--- INPUT RECORDS Enclosed Below ---

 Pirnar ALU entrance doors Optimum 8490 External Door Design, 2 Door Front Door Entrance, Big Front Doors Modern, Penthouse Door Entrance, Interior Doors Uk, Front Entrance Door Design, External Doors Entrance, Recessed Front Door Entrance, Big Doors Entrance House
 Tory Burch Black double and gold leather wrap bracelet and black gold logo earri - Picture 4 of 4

--- End of Enclosed INPUT RECORDS ---
--- INPUT RECORDS Enclosed Below ---

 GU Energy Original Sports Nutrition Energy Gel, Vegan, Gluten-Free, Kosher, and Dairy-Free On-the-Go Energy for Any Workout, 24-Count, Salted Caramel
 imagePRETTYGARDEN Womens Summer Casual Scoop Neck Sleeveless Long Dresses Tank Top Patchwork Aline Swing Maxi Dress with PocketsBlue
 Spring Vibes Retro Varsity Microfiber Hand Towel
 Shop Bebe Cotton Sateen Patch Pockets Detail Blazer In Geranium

--- End of Enclosed INPUT RECORDS ---
--- INPUT RECORDS Enclosed Below ---

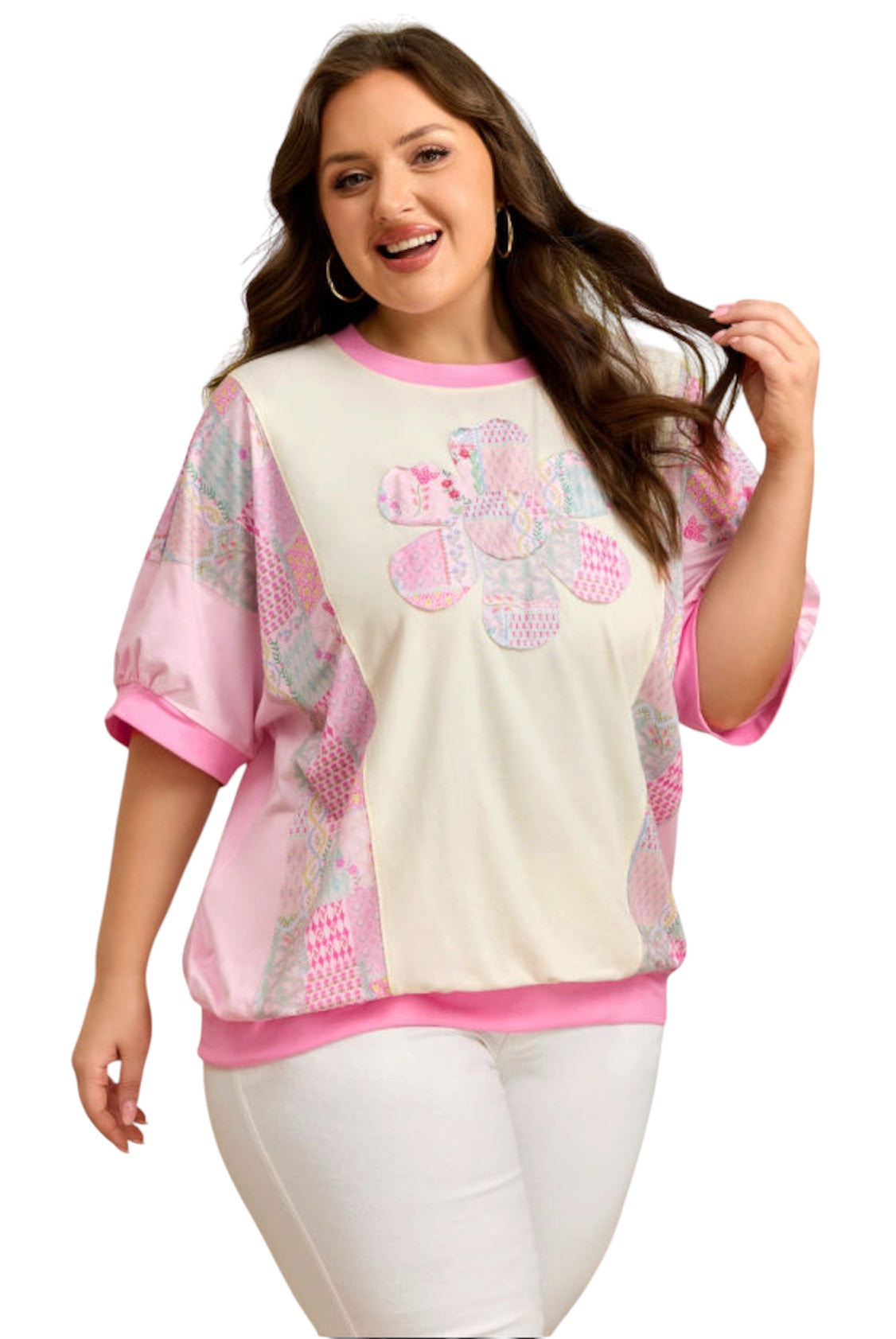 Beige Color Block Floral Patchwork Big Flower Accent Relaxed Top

--- End of Enclosed INPUT RECORDS ---

ABOUT THIS TASK - Using the data above, reproduce exactly the lines from the line that contains "Pirnar ALU entrance" through the line that contains "Tory Burch Black", including both.

WRITTEN SOLUTION -
 Pirnar ALU entrance doors Optimum 8490 External Door Design, 2 Door Front Door Entrance, Big Front Doors Modern, Penthouse Door Entrance, Interior Doors Uk, Front Entrance Door Design, External Doors Entrance, Recessed Front Door Entrance, Big Doors Entrance House
 Tory Burch Black double and gold leather wrap bracelet and black gold logo earri - Picture 4 of 4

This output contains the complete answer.